En réalité, le tribunal administratif de Montpellier a rejeté la demande en raison d’un simple défaut d’urgence ne justifiant pas la prise de mesures dans de très brefs délais (III), ce qui est d’autant plus critiquable que par la même ordonnance, le juge a reconnu l’existence d’une nouvelle liberté fondamentale au sens du référé-liberté (I), ainsi que la violation manifestement illégale de cette liberté par la commune (II).

I.   La consécration d’une nouvelle liberté fondamentale au sens de l’article L. 521-2 du CJA

 

     Le référé-liberté est la grande innovation introduite par la loi du 30 juin 2000 [1] et codifiée à l’article L. 521-2 du code de justice administrative. Il s’agit d’un recours autonome créé pour remédier à l’incapacité du juge administratif à assurer en urgence la protection des libertés fondamentales. Il a donc vocation à être mis en œuvre contre les agissements les plus graves de l’administration et permet au juge de prendre toutes les mesures nécessaires pour faire cesser l’atteinte à la liberté fondamentale dont il est question. Il ressort de la lecture dudit article que le prononcé d’une mesure par le juge du référé-liberté est soumis à quatre conditions cumulatives : le requérant doit prouver l’existence d’une atteinte grave et manifestement illégale à une liberté fondamentale, tout ceci dans une situation d’urgence avérée.

Si l’urgence ou le caractère grave et manifestement illégal de l’atteinte sont des critères fréquemment rencontrés par les juristes, la notion de liberté fondamentale présente ici une singularité qui nécessite quelques précisions. En effet, le Conseil d’État adopte une conception large et autonome de la notion de liberté fondamentale au sens de l’article L. 521-2 du code de justice administrative. En d’autres termes, le juge administratif procède de manière casuistique en dégageant de nouvelles libertés fondamentales en fonction des espèces qui se présentent à lui, que ces libertés soient protégées constitutionnellement ou non. En matière religieuse, le Conseil d’État a d’ores-et-déjà reconnu la liberté de culte [2], ou encore la libre disposition des biens nécessaires à l’exercice du culte [3], comme des libertés fondamentales au sens de l’article susmentionné.
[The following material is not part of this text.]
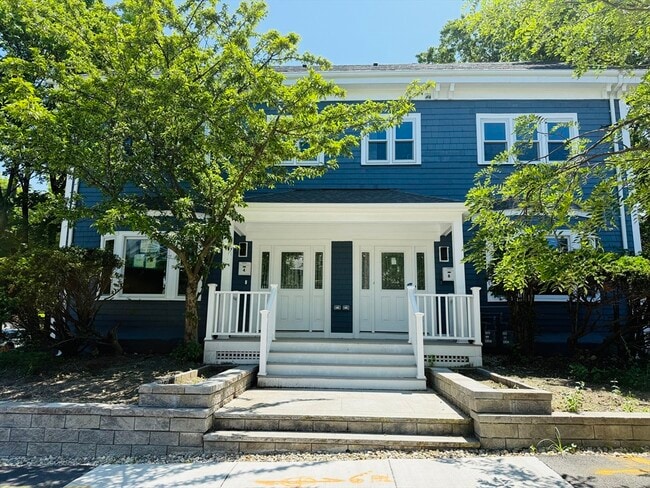 property at 4 Baldwin St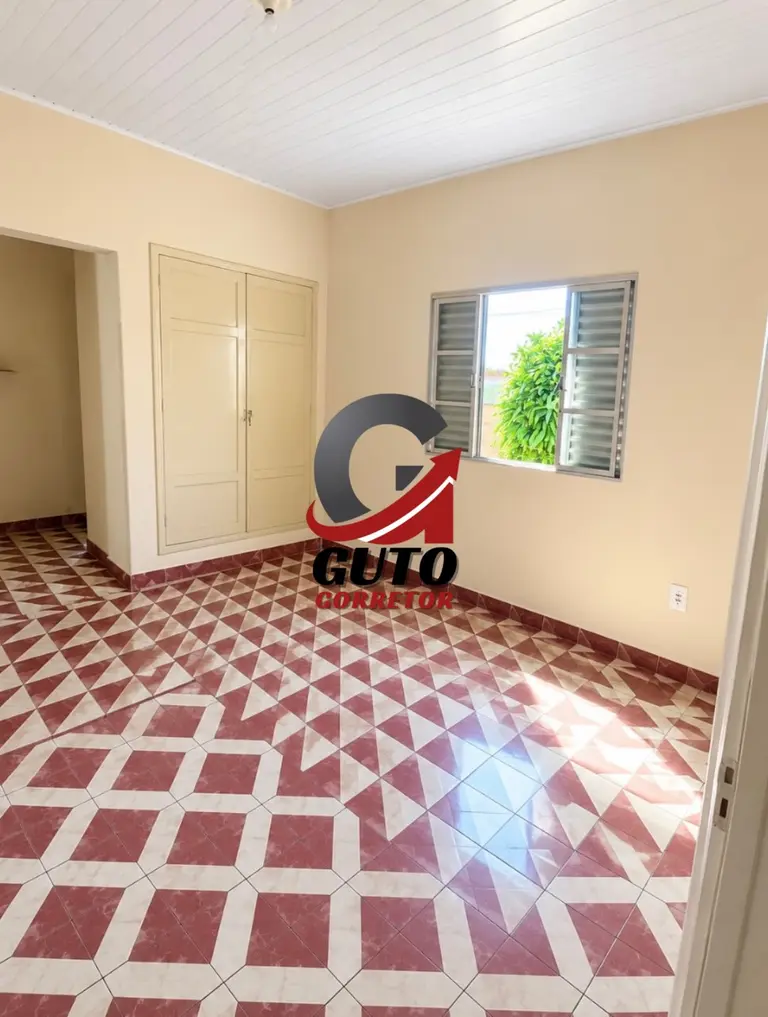 Casa 4 quartos, 224 m² à venda no Centro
Or, et c’est là tout l’intérêt de notre étude, le juge des référés en charge de l’affaire des présumées listes d’enfants musulmans de Béziers a explicitement reconnu l’existence d’une nouvelle liberté fondamentale au sens du référé-liberté. Il s’agit selon lui du « droit pour toute personne ou groupe de personnes de ne faire l’objet d’aucun recueil d’informations sous quelque forme que ce soit fondé sur l’appartenance à une religion » (considérant 2).

Il est intéressant de noter que, alors même qu’il n’est pas tenu de le faire, le juge montpelliérain précise que cette liberté procède du principe de non-discrimination présent à plusieurs reprises au sein du bloc de constitutionnalité. S’agit-il d’une solution d’opportunité ou d’une réelle liberté fondamentale reconnue à l’administré ? Il conviendra d’attendre que le Conseil d’État se prononce sur la question afin de ne pas tirer de conclusions trop hâtives, mais cette ordonnance montpelliéraine fait déjà beaucoup de bruit.
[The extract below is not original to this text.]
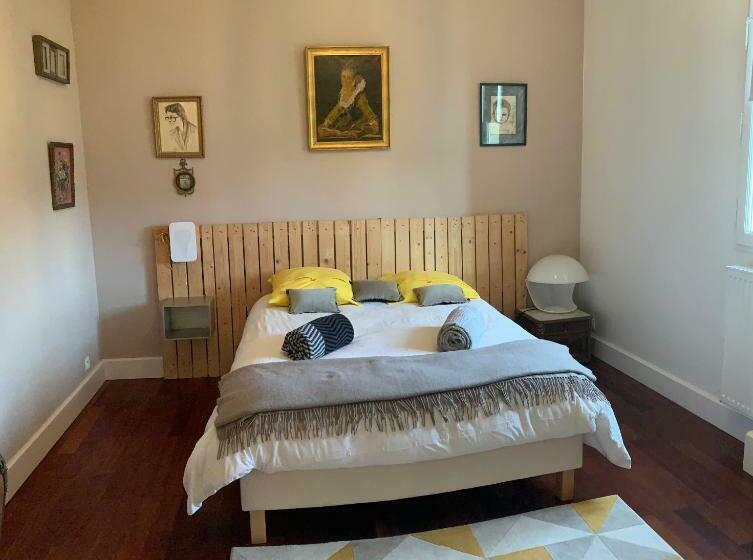 Bed and Breakfast Suite Privative Abella Aile De Maison Bourgeoise
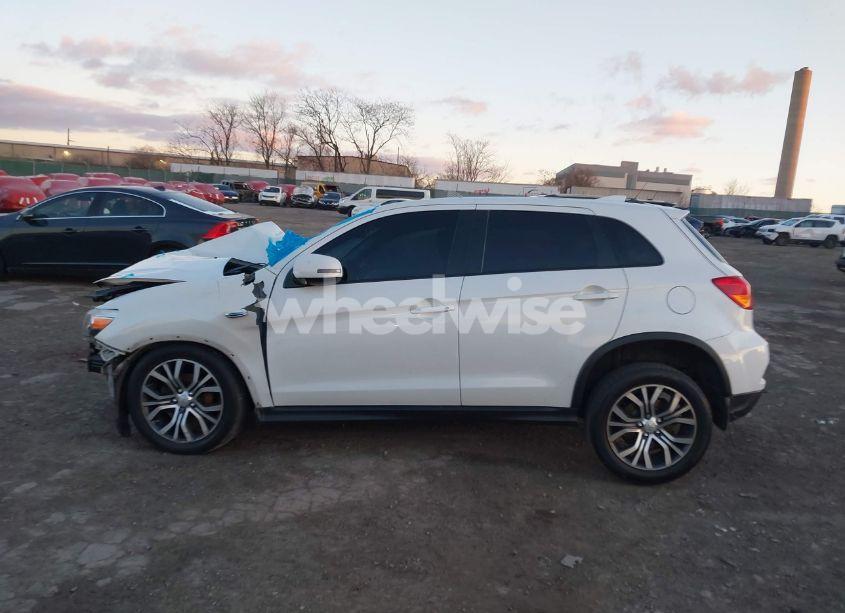 Photo 14 of 2018 Mitsubishi Outlander SPORT (VIN JA4AP3AU2JU021990)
II.   Le caractère manifestement illégal du traitement de données personnelles effectué par la commune de Béziers

 

     Qu’en est-il du fichage ethnique et religieux en France ? Robert Ménard a-t-il adopté un comportement pénalement répréhensible ? Si les faits étaient avérés, à quelles sanctions s’exposerait-il ? Tentons d’apporter à ces questions quelques éléments de réponse : le cadre juridique dans lequel s’inscrit le traitement de données à caractère personnel est défini législativement, et ce depuis une loi du 6 janvier 1978 relative à l’informatique, aux fichiers et aux libertés qui a subi plus d’une vingtaine de modifications depuis son entrée en vigueur.

L’article 2 de cette loi définit la donnée à caractère personnel, le traitement de données à caractère personnel et le fichier de données à caractère personnel, tandis que son article 8, auquel il n’est pas fait référence en l’espèce, précise qu’un tel traitement est illicite lorsque les données « font apparaître, directement ou indirectement, les origines raciales ou ethniques, les opinions politiques, philosophiques ou religieuses ou l’appartenance syndicale des personnes, ou qui sont relatives à la santé ou à la vie sexuelle de celles-ci ». Les articles suivants nous apprennent, pour leur part, qu’enfreindre ces dispositions revient à s’exposer à une peine pouvant aller jusqu’à cinq ans de prison et 300 000 euros d’amende (hors amende supplémentaire pouvant être infligée par la CNIL).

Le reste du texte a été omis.